I want to break it down, frame by frame, just how the producers use every stereotype thrown at black men, to reconstruct a hero who is a big, super-strong, violent, bullet-proof, defiant, black man. Luke Cage is depicted here as ‘superthug’. He is every trigger-happy white cops worst nightmare. And he is a hero. He is the eponymous hero no less, this is HIS series. This is bold television, vital cultural intervention.
First up, the hoodie.
He stares right at the camera, but above and beyond the viewers eyeline, as he pulls the hood up and around his face. This is concealment, this is about disguise. And only a gang colours scarf over his face could have been a more provocative style choice. Hoodie rhetoric is all over Anglo-American white-dominated media.

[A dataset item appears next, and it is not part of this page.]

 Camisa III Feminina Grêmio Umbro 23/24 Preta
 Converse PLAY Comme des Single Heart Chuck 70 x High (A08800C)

Next, a slouching hoodie approaches a parked car, and rips the door off
Straight out of Law and Order. Every city car owner’s nightmare. The latest Captain America film discussed, post-fact, the impact of superheroes’ violence on the urban environment, but this goes straight to the heart of the matter – how do we judge a vigilante who isn’t wearing a government-approved ‘spangly suit’?
And the ‘property damage’ continues, and escalates:
If you aren’t sick of hearing about the phrase ‘property damage’, then you have not been reading much about the ongoing tensions in America in the last year, or remember the UK summer riots of the summer of 2011. Take a look at the news reports of the protests after the death of Freddie Grey in Baltimore in 2015, it completely derailed from reporting the concerns of black citizens about police violence, into white citizens concern for the built environment.
Then, there’s the violence itself, and plenty of it.
Look at his face; utterly serious, threatening, angry. And at this point in the trailer, we have no idea who the ‘bad guys’ are. The only suggestion that Luke is a good guy, a superhero, is that an older black man thinks he should be ‘out there, helping people’. We don’t see a cozy depiction of help, we just see fighting. This is a political statement from the filmmakers – sometimes violence is a solution, is a means to a good end. Whether you agree with them or not, this is quite a statement for a black-led television show in 2016.
Now we come to the ‘bullet-proof’ bit:
If you haven’t worked out that the bullets aren’t damaging Luke yet, you do here. Point. Blank. Machine gun. Fire. And he stands defiant, beckoning his assailants. Bring it on. The unkillable hoodie. If the point that this is the cops nightmare is not yet made apparent enough, a few seconds later we see Luke being shot at, through the bars of a prison-like gate.
That this isn’t, in fact, a cop shooting at him is not the point. The symbolism, the depiction, is crystal clear when followed by this
Yes, Luke Cage kicked open a cell.
Luke Cage is not here to appease white fears of angry black men. He is not here to represent the ‘good black guy’ in opposition to the ‘bad’ black guy. He’s a hero in Harlem, a black hero in a traditionally black neighbourhood. He is not going to pander to respectability politics. And he’s just getting started. Black Lives Matter.